**What the task requires:** Only the lines below between the one holding "By interacting with" and the one holding "Next is virtualization, another", inclusive, are to be reproduced word for word; the pictures are to be left out.

━━━ Given records ━━━

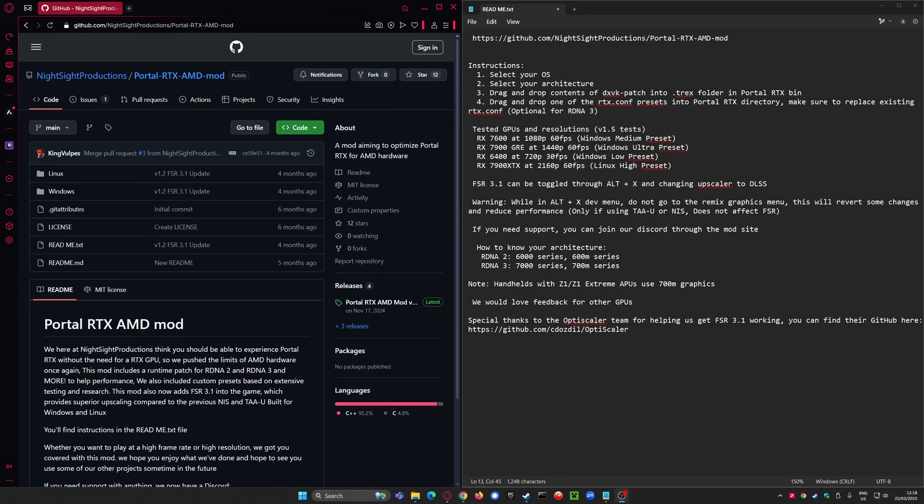So a bit of a discovery today. Turns out the Portal RTX AMD mod from Nightsight Productions, which is designed to push FSR pretending to be DLSS into NVIDIA DLSS only supporting RTX Remix productions,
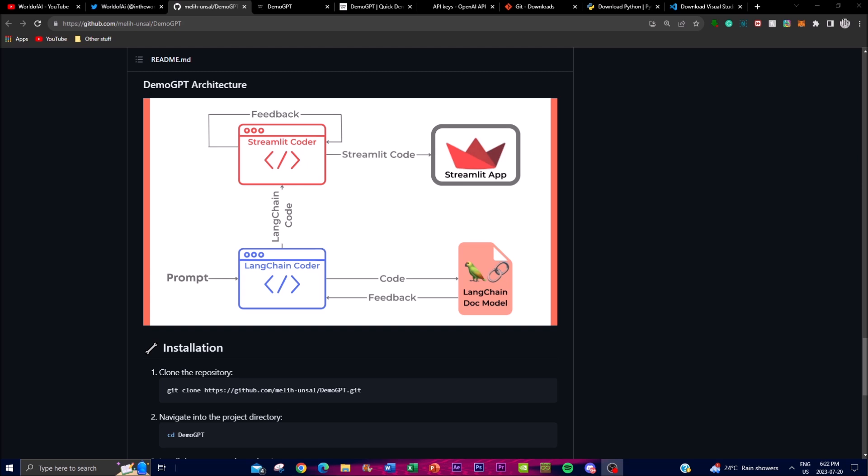By interacting with users through natural language prompts, the GPT-3.5 Turbo model can generate Python code automatically, eliminating the need for manual coding and streamlining the application development process. In addition to Python code generation, DemoGPT also incorporates the transformative capabilities of LangChain, which is used to allow for the creation of efficient data processing workflows through LangChain pipelines. These pipelines manage data transformations, manipulations, and integrations seamlessly, and by leveraging LangChain, DemoGPT enhances its data management and boosts overall performance.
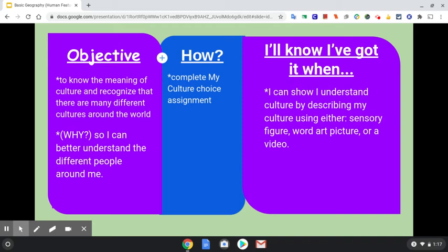How you're going to do that is you're going to complete a My Culture Choice assignment. You'll know you've got it when you can show that you understand culture by describing your culture using either what is called a sensory figure, a word art picture, or a video.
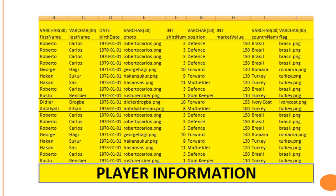The first part is player information. It has nine data items: player name, player first name, last name, birth date, photo, shirt number, position, market value, player nationality, and the country flag.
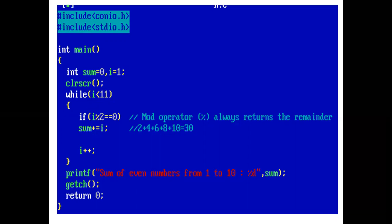While and in parenthesis, condition is checked. 1 is less than 11, which is true. So, control comes inside while loop. Now, condition is checked. If 1 mod 2 equal to 0, which is false.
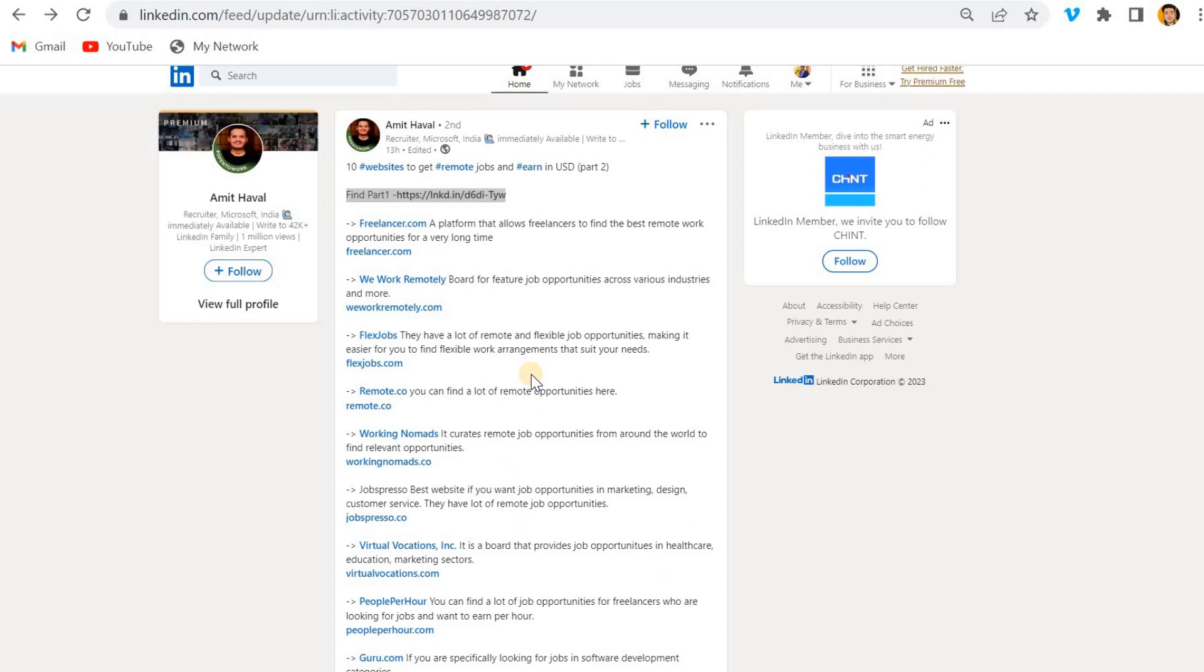And he writes some story over the post. This is something, something like that.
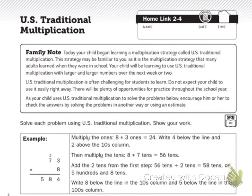Home Link 2-4, U.S. Traditional Multiplication. Today in class, students used U.S. Traditional Multiplication to multiply two-digit numbers by one-digit numbers.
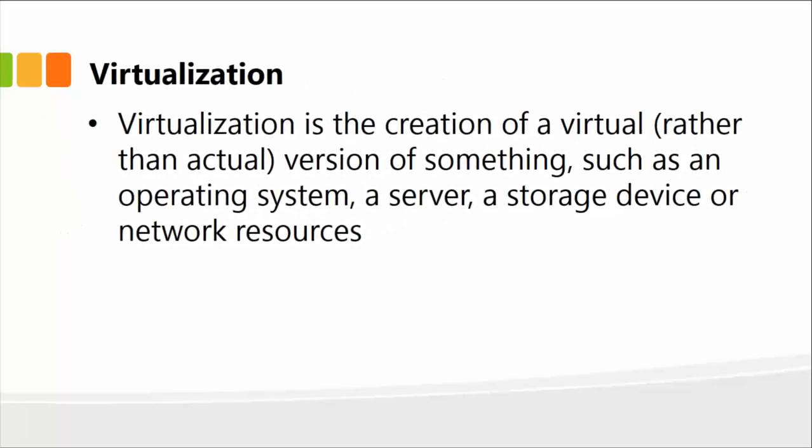Next is virtualization, another important concept you'll hear several times within the networking industry. Virtualization is simply the creation of a virtual, rather than actual version of something, such as an operating system. You can have a virtual operating system on your own computer, so you can run multiple OS on your computer or a server. It could be a storage device or network resources—you can virtualize several things.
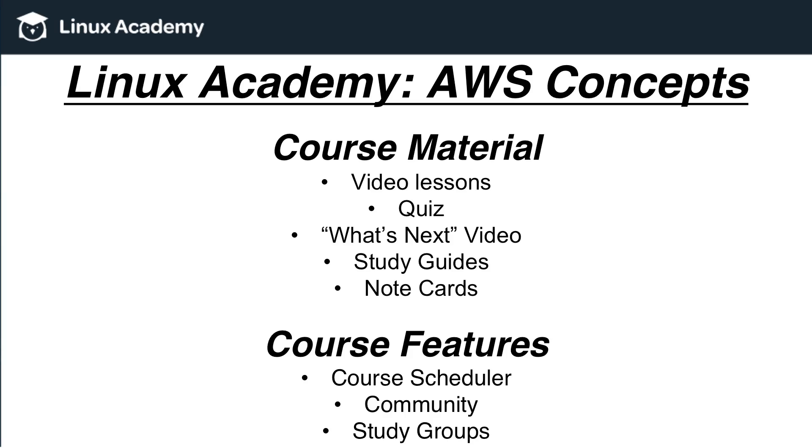There is also a what's next video which is the last video in this particular course and that video really talks about what courses or what things you can do here at Linux Academy after you've completed this particular course. It helps guide you as you move forward in terms of future certifications or future courses.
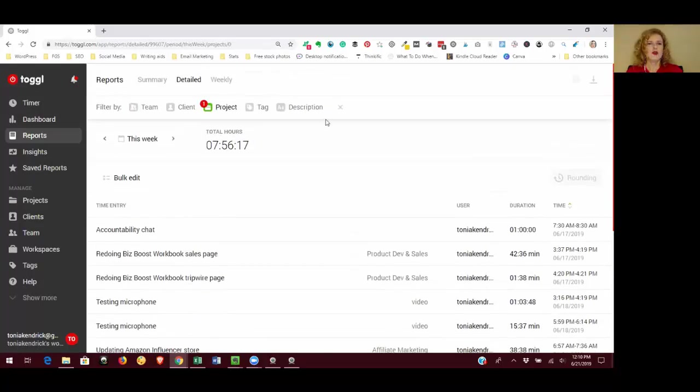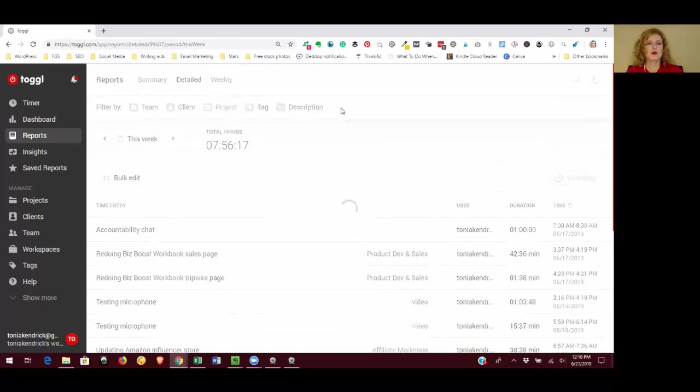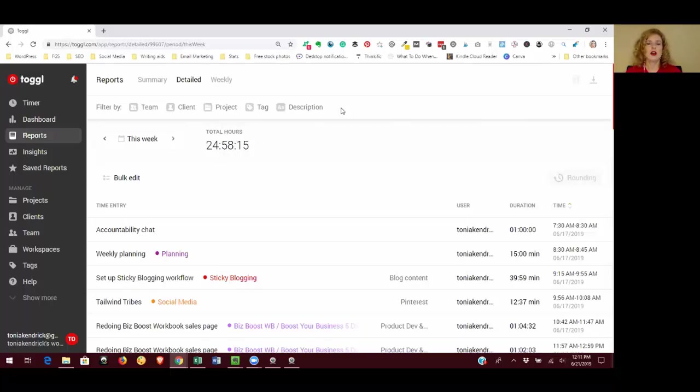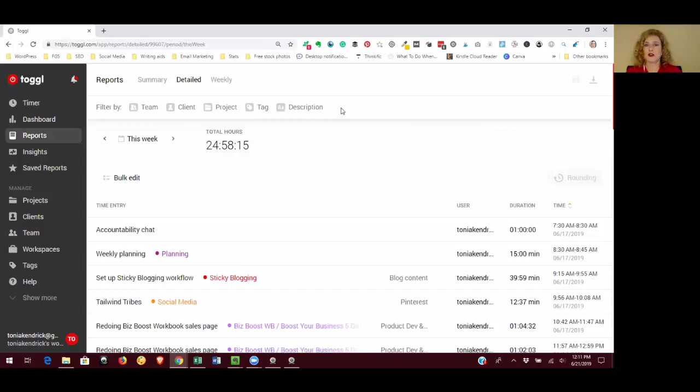So that's how you can use reports. Another thing that you might want to use reports for is maybe you do client work. If you're a freelancer or you have other types of clients, you can create projects or tags for each one of your clients and then you can pull reports and use that for your billing. And you can use that to justify your time with your client to show exactly how you've been spending your time working on their project. So those are just some different ways that you can use the reporting aspect of Toggl.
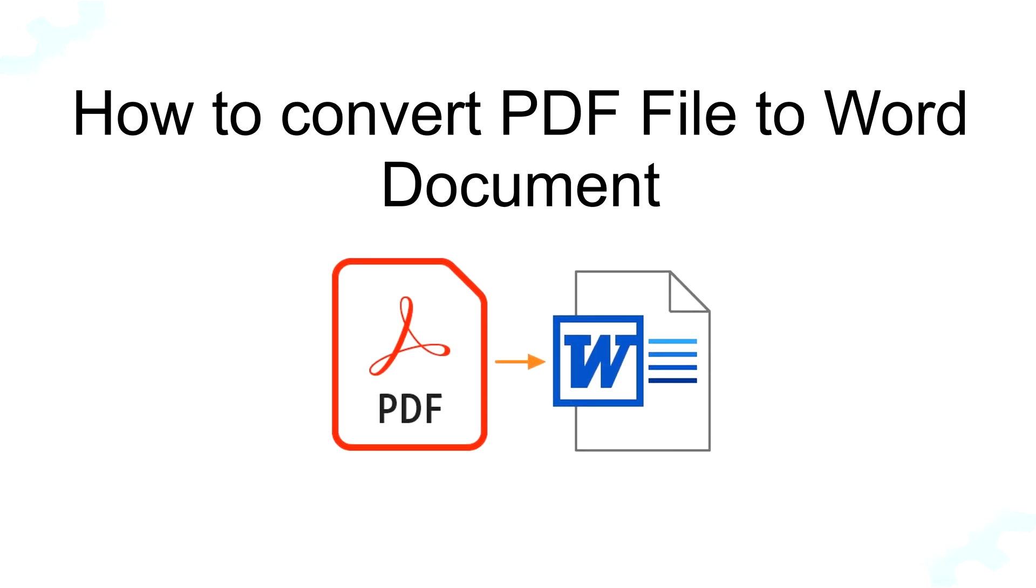Welcome to TechGuy channel. In this video, I will show you how to convert PDF file to Word format without any software converter.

━━━

**The completed task:**
By interacting with users through natural language prompts, the GPT-3.5 Turbo model can generate Python code automatically, eliminating the need for manual coding and streamlining the application development process. In addition to Python code generation, DemoGPT also incorporates the transformative capabilities of LangChain, which is used to allow for the creation of efficient data processing workflows through LangChain pipelines. These pipelines manage data transformations, manipulations, and integrations seamlessly, and by leveraging LangChain, DemoGPT enhances its data management and boosts overall performance.
How you're going to do that is you're going to complete a My Culture Choice assignment. You'll know you've got it when you can show that you understand culture by describing your culture using either what is called a sensory figure, a word art picture, or a video.
The first part is player information. It has nine data items: player name, player first name, last name, birth date, photo, shirt number, position, market value, player nationality, and the country flag.
While and in parenthesis, condition is checked. 1 is less than 11, which is true. So, control comes inside while loop. Now, condition is checked. If 1 mod 2 equal to 0, which is false.
And he writes some story over the post. This is something, something like that.
Home Link 2-4, U.S. Traditional Multiplication. Today in class, students used U.S. Traditional Multiplication to multiply two-digit numbers by one-digit numbers.
Next is virtualization, another important concept you'll hear several times within the networking industry. Virtualization is simply the creation of a virtual, rather than actual version of something, such as an operating system. You can have a virtual operating system on your own computer, so you can run multiple OS on your computer or a server. It could be a storage device or network resources—you can virtualize several things.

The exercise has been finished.